A dynamometer is one of the most widely used tools for measuring horsepower and torque outputs for cars. Even with such proliferation though, there is much misinformation and false data out about the accuracy of dynamometers, or dynos, as they’re most commonly called. The standard deviation for comparing the number retrieved from the dyno (horsepower at the wheels) and the manufacturer’s advertised horsepower (at the crank of the engine) is 15 percent to account for power lost through the drivetrain. Many are starting to realize though, that accurately measuring power isn’t the best use for a dyno, as the numbers are often somewhat inaccurate.

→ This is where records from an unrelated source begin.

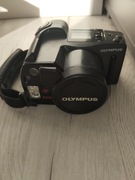 Aparat fotograficzny analogowy Olympus AZ-300 Super zoom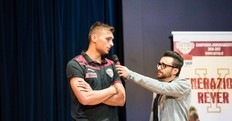 Basket Serie A, ecco la famiglia Reyer Basket Serie A, ecco la famiglia Reyer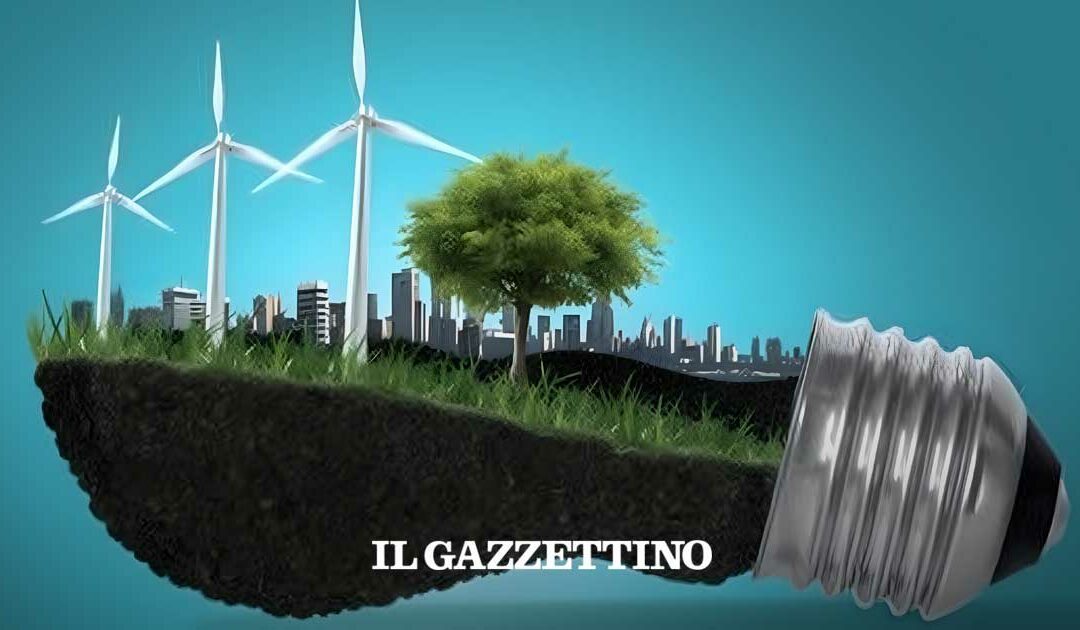 Investire nelle rinnovabili conviene? Studio Aceper lo spiega. Indipendenza energetica e sostenibilità non possono che andare di pari passo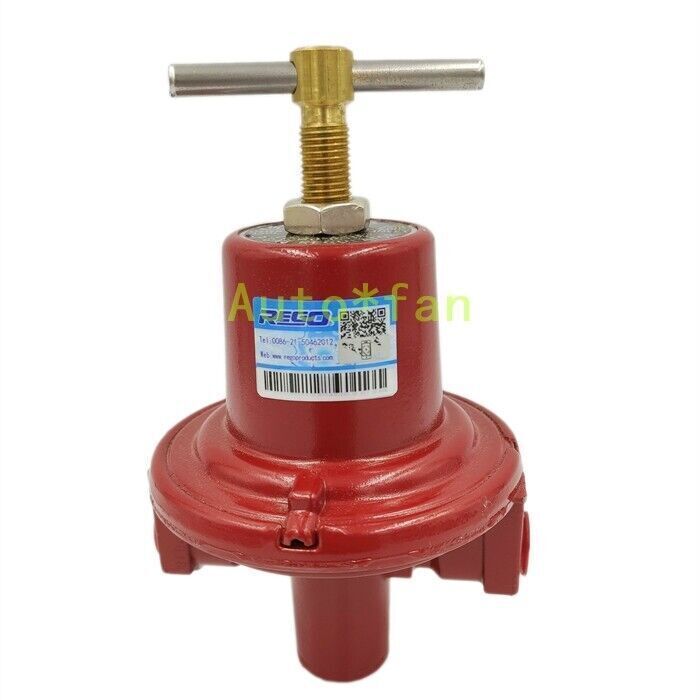 1PC NEW FOR REGO 597FD pressure reducing valve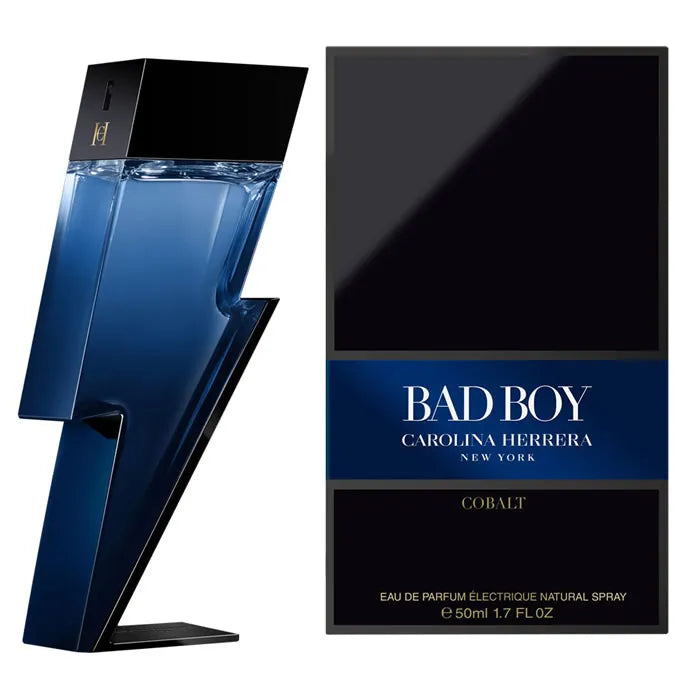 Bad Boy Cobalt EDP 50ml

It isn’t uncommon for a car to generate four different dyno results for four consecutive runs, but this isn’t because the car suddenly makes significantly more or less power, it’s because of the varying calibrations in the dyno itself. Depending on the types of calibrations used to compensate for different conditions like aerodynamic drag, weight, or even altitude, it is not uncommon to see up to a 20 percent variation in power results, with all other factors remaining constant. You may be asking yourself, “Why do simple calibration changes affect the final results so much?” Well, in order for a dynamometer to work for a wide range of applications, the margins for error are somewhat large.
When you consider that a dynamometer first takes the rolling speed of the car to calculate engine RPM to generate torque and horsepower figures mathematically, it is easy to see how complex the calculations can get when you start adding in compensation for things like weight and drag.
All this doesn’t necessarily mean that a dyno isn’t a useful tool, however. Though they may not be the most accurate for obtaining horsepower and torque figures, they are immensely useful for calculating power curves and determining how well a car reacts to modifications after a baseline figure has been established.